:: Records for processing ::
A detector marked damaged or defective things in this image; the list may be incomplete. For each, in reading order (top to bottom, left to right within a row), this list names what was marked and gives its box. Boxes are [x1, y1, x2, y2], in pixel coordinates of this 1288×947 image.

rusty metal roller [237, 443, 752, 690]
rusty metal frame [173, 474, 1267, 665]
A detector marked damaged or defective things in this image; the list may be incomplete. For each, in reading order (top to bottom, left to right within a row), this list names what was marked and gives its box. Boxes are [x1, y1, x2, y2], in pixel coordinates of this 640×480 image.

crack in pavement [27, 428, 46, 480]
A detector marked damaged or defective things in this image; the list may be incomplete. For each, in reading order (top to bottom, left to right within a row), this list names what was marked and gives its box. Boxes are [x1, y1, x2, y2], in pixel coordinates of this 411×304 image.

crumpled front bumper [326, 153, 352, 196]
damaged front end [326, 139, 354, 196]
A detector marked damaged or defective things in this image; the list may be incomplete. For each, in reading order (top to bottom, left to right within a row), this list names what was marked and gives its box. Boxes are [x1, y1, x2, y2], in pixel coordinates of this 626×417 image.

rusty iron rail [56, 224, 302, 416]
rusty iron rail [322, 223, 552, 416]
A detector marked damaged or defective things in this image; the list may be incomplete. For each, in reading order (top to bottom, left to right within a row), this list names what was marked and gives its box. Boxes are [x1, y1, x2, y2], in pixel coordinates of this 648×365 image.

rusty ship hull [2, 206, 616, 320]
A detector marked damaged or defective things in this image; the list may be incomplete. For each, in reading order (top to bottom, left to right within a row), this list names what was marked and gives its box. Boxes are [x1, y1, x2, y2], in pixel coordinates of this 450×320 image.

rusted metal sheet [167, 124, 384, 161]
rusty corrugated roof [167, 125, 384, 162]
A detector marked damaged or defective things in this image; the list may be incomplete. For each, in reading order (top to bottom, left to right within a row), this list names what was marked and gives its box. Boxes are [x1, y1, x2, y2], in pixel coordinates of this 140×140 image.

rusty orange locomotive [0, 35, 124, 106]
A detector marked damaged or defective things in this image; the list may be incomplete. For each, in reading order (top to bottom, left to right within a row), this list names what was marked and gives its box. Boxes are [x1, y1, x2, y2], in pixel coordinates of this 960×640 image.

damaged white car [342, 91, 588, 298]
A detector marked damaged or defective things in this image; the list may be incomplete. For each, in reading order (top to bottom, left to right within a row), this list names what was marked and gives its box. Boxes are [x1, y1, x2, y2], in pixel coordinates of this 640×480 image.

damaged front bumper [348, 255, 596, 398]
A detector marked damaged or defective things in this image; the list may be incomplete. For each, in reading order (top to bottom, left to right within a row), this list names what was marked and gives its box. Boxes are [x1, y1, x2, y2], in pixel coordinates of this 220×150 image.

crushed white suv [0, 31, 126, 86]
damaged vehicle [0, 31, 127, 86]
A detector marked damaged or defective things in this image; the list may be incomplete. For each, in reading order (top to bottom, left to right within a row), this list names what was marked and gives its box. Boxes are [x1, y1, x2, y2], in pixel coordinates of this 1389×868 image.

:: Required action ::
After reading the listing, copy all of it out exactly.

:: Response area ::
A detector marked damaged or defective things in this image; the list may be incomplete. For each, in reading order (top to bottom, left to right within a row), this list names what was marked and gives its box. Boxes are [x1, y1, x2, y2], in pixel coordinates of this 1288×947 image.

rusty metal roller [237, 443, 752, 690]
rusty metal frame [173, 474, 1267, 665]
A detector marked damaged or defective things in this image; the list may be incomplete. For each, in reading order (top to bottom, left to right within a row), this list names what was marked and gives its box. Boxes are [x1, y1, x2, y2], in pixel coordinates of this 640×480 image.

crack in pavement [27, 428, 46, 480]
A detector marked damaged or defective things in this image; the list may be incomplete. For each, in reading order (top to bottom, left to right within a row), this list names what was marked and gives its box. Boxes are [x1, y1, x2, y2], in pixel coordinates of this 411×304 image.

crumpled front bumper [326, 153, 352, 196]
damaged front end [326, 139, 354, 196]
A detector marked damaged or defective things in this image; the list may be incomplete. For each, in reading order (top to bottom, left to right within a row), this list names what was marked and gives its box. Boxes are [x1, y1, x2, y2], in pixel coordinates of this 626×417 image.

rusty iron rail [56, 224, 302, 416]
rusty iron rail [322, 223, 552, 416]
A detector marked damaged or defective things in this image; the list may be incomplete. For each, in reading order (top to bottom, left to right within a row), this list names what was marked and gives its box. Boxes are [x1, y1, x2, y2], in pixel coordinates of this 648×365 image.

rusty ship hull [2, 206, 616, 320]
A detector marked damaged or defective things in this image; the list may be incomplete. For each, in reading order (top to bottom, left to right within a row), this list names what was marked and gives its box. Boxes are [x1, y1, x2, y2], in pixel coordinates of this 450×320 image.

rusted metal sheet [167, 124, 384, 161]
rusty corrugated roof [167, 125, 384, 162]
A detector marked damaged or defective things in this image; the list may be incomplete. For each, in reading order (top to bottom, left to right within a row), this list names what was marked and gives its box. Boxes are [x1, y1, x2, y2], in pixel coordinates of this 140×140 image.

rusty orange locomotive [0, 35, 124, 106]
A detector marked damaged or defective things in this image; the list may be incomplete. For each, in reading order (top to bottom, left to right within a row), this list names what was marked and gives its box. Boxes are [x1, y1, x2, y2], in pixel coordinates of this 960×640 image.

damaged white car [342, 91, 588, 298]
A detector marked damaged or defective things in this image; the list may be incomplete. For each, in reading order (top to bottom, left to right within a row), this list names what was marked and gives its box. Boxes are [x1, y1, x2, y2], in pixel coordinates of this 640×480 image.

damaged front bumper [348, 255, 596, 398]
A detector marked damaged or defective things in this image; the list may be incomplete. For each, in reading order (top to bottom, left to right within a row), this list names what was marked and gives its box. Boxes are [x1, y1, x2, y2], in pixel coordinates of this 220×150 image.

crushed white suv [0, 31, 126, 86]
damaged vehicle [0, 31, 127, 86]
A detector marked damaged or defective things in this image; the list may be incomplete. For each, in reading order (top to bottom, left to right within a row), this list names what was marked and gives its box. Boxes are [x1, y1, x2, y2], in pixel coordinates of this 1389×868 image.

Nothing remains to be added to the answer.